They say actions speak louder than words; the law would agree. To determine whether a worker is a contractor or an employee, you should consider their behaviour – not only the title they have been given.
Although the line can sometimes be blurry, drawing a distinction is however of utmost importance since it defines each party’s rights and obligations.
Who is an employee? Who is a contractor?
Generally speaking, an employee is person who agrees provide labour for a company and thus becomes part of the company. The law dictates a certain amount of requirements including parental leave, minimum rates of pay and meal breaks.

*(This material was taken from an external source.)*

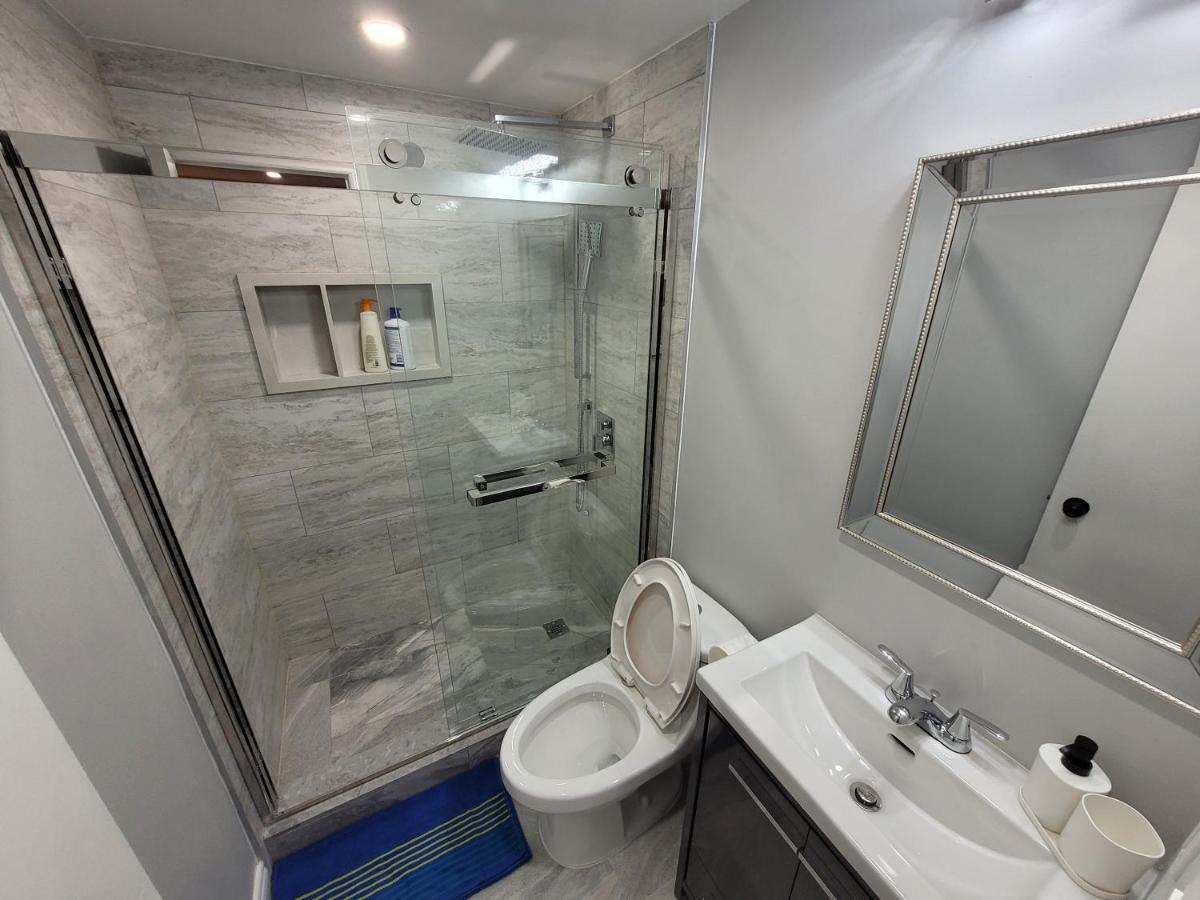 Guest House Basement - Master Bedrooms In Bayview Village Toronto Buitenkant foto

A contractor is a person who agrees to do work for a company usually to fulfil a specified task but is not part of the company. A contractor is an alternative to hiring an employee where each agreement is flexible to fit parties’ purposes.
What’s the difference between a contractor and an employee?
Some of the key criteria distinguishing between a contractor and an employee in substance, that is, if we look beyond the title to the behaviour, are outlined in the following table.
A comprehensive table is available here.
Should you hire a contractor or an employee?
Overall it seems that employees are more beneficial in the long run. They provide for stability, increased productivity and are invested in the company.
Contractors provide more flexibility but are more complex to administer from the employer’s perspective. You may like to consider contractors where you need a specific task done.
- You have the freedom to decide the terms of the agreement including the price;
- You do not owe the contractor any leave;
- You employ a contractor for a specific task rather than a time frame;
- The contractor provides the materials and equipment;
- Creating a quality contract requires attentiveness to all legal requirements like insurance, superannuation and dispute resolutions processes;
- The contract may be poorly created leading to disputes;
- You must meet external standards like superannuation deadlines or determine whether to pay payroll tax.
- There is stability and increased productivity in the long term;
- Your costs are fixed throughout the year.
- Limited flexibility.
How Can LawPath Help?
Still unsure whether you’ve hired an employee of contractor? Contact a LawPath consultant on 1800LAWPATH to learn more about obtaining a fixed-fee quote from our network of 600+ expert lawyers or to get answers to your legal questions.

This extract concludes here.